Member of the National Assembly of Pakistan
- Incumbent
- Assumed office 29 February 2024
- Constituency: NA-200 Sukkur-I
- In office 13 August 2018 – 10 August 2023
- Constituency: NA-207 (Sukkur-II)
- In office 2008 – 31 May 2018
- Constituency: NA-198 (Sukkur-cum-Shikarpur-I)

Personal details
- Born: July 24, 1978 (age 47)
- Party: PPP (2008-present)

= Nauman Islam Shaikh =

Pakistani politician

Nauman Islam Shaikh (نعمان اسلام شيخ;; born 24 July 1978) is a Pakistani politician who has been a member of the National Assembly of Pakistan since February 2024 and previously served in this position from August 2018 till August 2023 and from 2008 to May 2018, he gets the chance due to his father Mr. Islamudin Shaikh (Senior Politician, Socialist & Businessman) he is the only Politician to give tough time to Syed Khursheed Shah senior member of Pakistan Peoples Party, he is step down for not having graduation degree as per 2008 mandatory at that time to participate in general election.

==Early life==
He was born on Sukkur 24 July 1978.

==Political career==

He was elected to the National Assembly of Pakistan as a candidate of Pakistan Peoples Party (PPP) from Constituency NA-198 (Sukkur-cum-Shikarpur-I) in the 2008 Pakistani general election. He received 74,086 votes and defeated Tahir Hussain Shah, a candidate of Pakistan Muslim League (Q) (PML-Q).

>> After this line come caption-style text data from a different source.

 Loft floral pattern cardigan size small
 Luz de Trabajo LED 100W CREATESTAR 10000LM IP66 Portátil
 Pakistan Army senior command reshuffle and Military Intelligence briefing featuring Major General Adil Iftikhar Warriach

He was re-elected to the National Assembly as a candidate of PPP from Constituency NA-198 (Sukkur-cum-Shikarpur-I) in the 2013 Pakistani general election. He received 52,684 votes and defeated Munawar Ali Chohan, a candidate of Muttahida Qaumi Movement.

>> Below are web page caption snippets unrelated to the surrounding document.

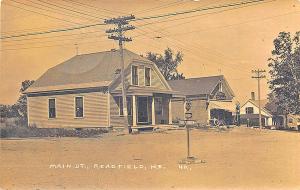 Readfield ME Main Street Store Fronts Gas Station Pumps 1925 RPPC Postcard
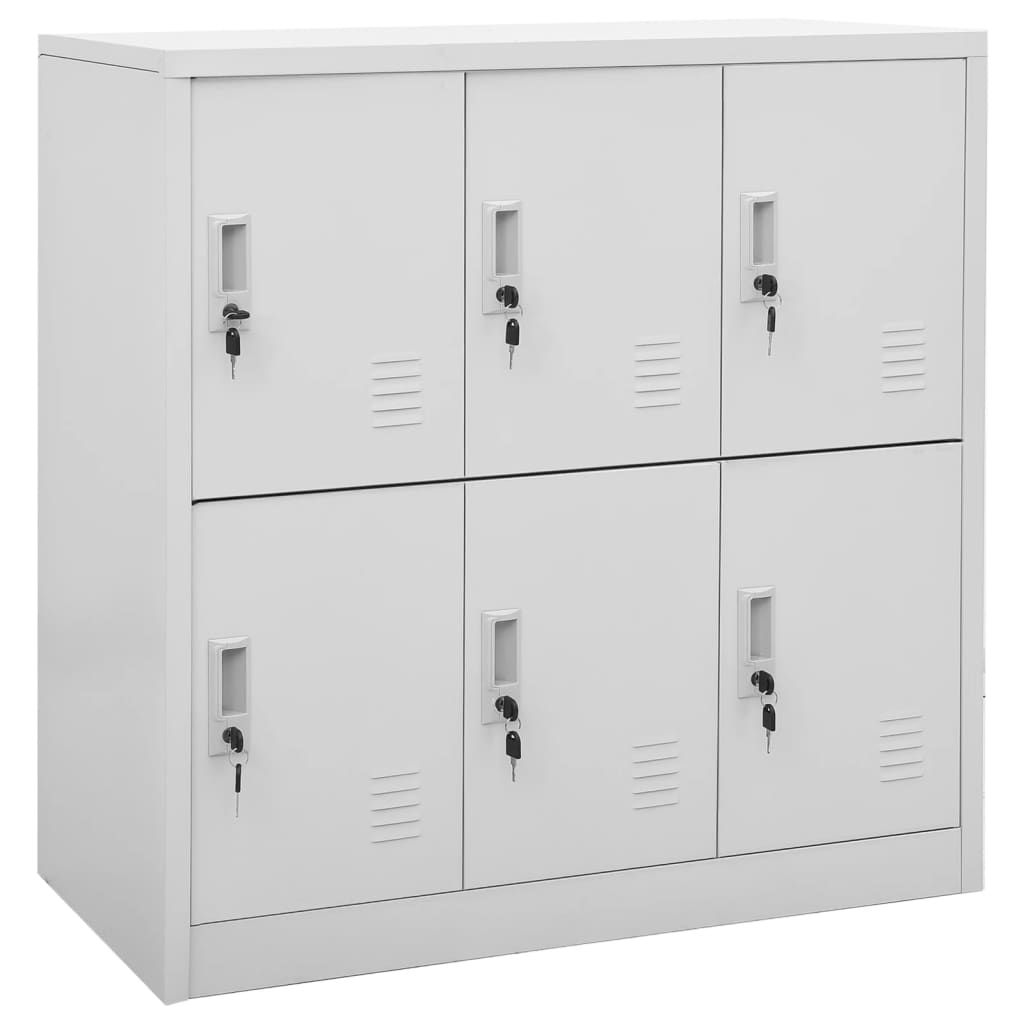 Locker cabinet light grey 90x45x92.5 cm steel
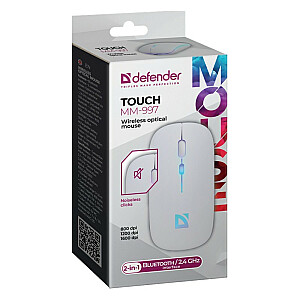 TOUCH MM-997 bezvadu pele, kluss klikšķis, uzlādējama 800/1200/1600 DPI balta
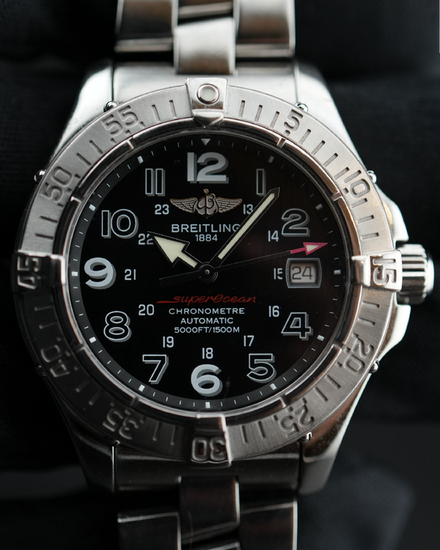 2009 Breitling Superocean 42MM Black Dial Steel Bracelet (A17360)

He was re-elected to the National Assembly as a candidate of PPP from Constituency NA-207 (Sukkur-II) in the 2018 Pakistani general election.

He was re-elected to the National Assembly as a candidate of PPP from NA-200 Sukkur-I in the 2024 Pakistani general election. He received 98,244 votes and defeated Deedar Ali, a candidate of the Grand Democratic Alliance (GDA).